[Extracted records]
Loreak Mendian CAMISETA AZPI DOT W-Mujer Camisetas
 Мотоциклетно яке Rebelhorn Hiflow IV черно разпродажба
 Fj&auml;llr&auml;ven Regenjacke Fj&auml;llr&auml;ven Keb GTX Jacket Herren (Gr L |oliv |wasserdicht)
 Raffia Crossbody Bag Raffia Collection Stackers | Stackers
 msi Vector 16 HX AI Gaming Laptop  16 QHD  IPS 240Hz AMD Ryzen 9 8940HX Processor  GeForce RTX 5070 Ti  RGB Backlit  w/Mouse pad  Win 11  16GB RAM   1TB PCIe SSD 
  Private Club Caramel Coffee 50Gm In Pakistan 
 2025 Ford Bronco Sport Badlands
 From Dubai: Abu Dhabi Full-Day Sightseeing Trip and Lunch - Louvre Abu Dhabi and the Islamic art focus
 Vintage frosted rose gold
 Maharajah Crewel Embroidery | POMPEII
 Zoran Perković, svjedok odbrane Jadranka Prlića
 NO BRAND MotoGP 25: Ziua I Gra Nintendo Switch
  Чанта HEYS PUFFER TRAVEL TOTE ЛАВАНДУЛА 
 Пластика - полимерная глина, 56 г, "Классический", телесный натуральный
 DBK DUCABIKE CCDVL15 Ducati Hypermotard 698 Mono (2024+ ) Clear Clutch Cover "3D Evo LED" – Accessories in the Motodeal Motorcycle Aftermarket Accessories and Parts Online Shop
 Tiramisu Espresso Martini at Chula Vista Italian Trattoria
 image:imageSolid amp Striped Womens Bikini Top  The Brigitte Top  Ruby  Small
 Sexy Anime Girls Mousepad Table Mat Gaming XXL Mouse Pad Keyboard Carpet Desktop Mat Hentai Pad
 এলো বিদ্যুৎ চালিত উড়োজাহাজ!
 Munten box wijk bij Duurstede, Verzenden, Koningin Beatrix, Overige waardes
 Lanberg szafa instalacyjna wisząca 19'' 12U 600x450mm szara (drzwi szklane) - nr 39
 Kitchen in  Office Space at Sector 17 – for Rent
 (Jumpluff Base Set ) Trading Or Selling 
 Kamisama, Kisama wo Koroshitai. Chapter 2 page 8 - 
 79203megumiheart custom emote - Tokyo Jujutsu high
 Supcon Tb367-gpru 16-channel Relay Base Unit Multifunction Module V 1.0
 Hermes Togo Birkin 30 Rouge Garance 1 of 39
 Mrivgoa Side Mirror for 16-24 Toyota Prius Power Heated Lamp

• [WHAT IS EXPECTED] Restate the full data above, keeping each word intact.

• [OUTPUT OF THE TASK]
Loreak Mendian CAMISETA AZPI DOT W-Mujer Camisetas
 Мотоциклетно яке Rebelhorn Hiflow IV черно разпродажба
 Fj&auml;llr&auml;ven Regenjacke Fj&auml;llr&auml;ven Keb GTX Jacket Herren (Gr L |oliv |wasserdicht)
 Raffia Crossbody Bag Raffia Collection Stackers | Stackers
 msi Vector 16 HX AI Gaming Laptop  16 QHD  IPS 240Hz AMD Ryzen 9 8940HX Processor  GeForce RTX 5070 Ti  RGB Backlit  w/Mouse pad  Win 11  16GB RAM   1TB PCIe SSD 
  Private Club Caramel Coffee 50Gm In Pakistan 
 2025 Ford Bronco Sport Badlands
 From Dubai: Abu Dhabi Full-Day Sightseeing Trip and Lunch - Louvre Abu Dhabi and the Islamic art focus
 Vintage frosted rose gold
 Maharajah Crewel Embroidery | POMPEII
 Zoran Perković, svjedok odbrane Jadranka Prlića
 NO BRAND MotoGP 25: Ziua I Gra Nintendo Switch
  Чанта HEYS PUFFER TRAVEL TOTE ЛАВАНДУЛА 
 Пластика - полимерная глина, 56 г, "Классический", телесный натуральный
 DBK DUCABIKE CCDVL15 Ducati Hypermotard 698 Mono (2024+ ) Clear Clutch Cover "3D Evo LED" – Accessories in the Motodeal Motorcycle Aftermarket Accessories and Parts Online Shop
 Tiramisu Espresso Martini at Chula Vista Italian Trattoria
 image:imageSolid amp Striped Womens Bikini Top  The Brigitte Top  Ruby  Small
 Sexy Anime Girls Mousepad Table Mat Gaming XXL Mouse Pad Keyboard Carpet Desktop Mat Hentai Pad
 এলো বিদ্যুৎ চালিত উড়োজাহাজ!
 Munten box wijk bij Duurstede, Verzenden, Koningin Beatrix, Overige waardes
 Lanberg szafa instalacyjna wisząca 19'' 12U 600x450mm szara (drzwi szklane) - nr 39
 Kitchen in  Office Space at Sector 17 – for Rent
 (Jumpluff Base Set ) Trading Or Selling 
 Kamisama, Kisama wo Koroshitai. Chapter 2 page 8 - 
 79203megumiheart custom emote - Tokyo Jujutsu high
 Supcon Tb367-gpru 16-channel Relay Base Unit Multifunction Module V 1.0
 Hermes Togo Birkin 30 Rouge Garance 1 of 39
 Mrivgoa Side Mirror for 16-24 Toyota Prius Power Heated Lamp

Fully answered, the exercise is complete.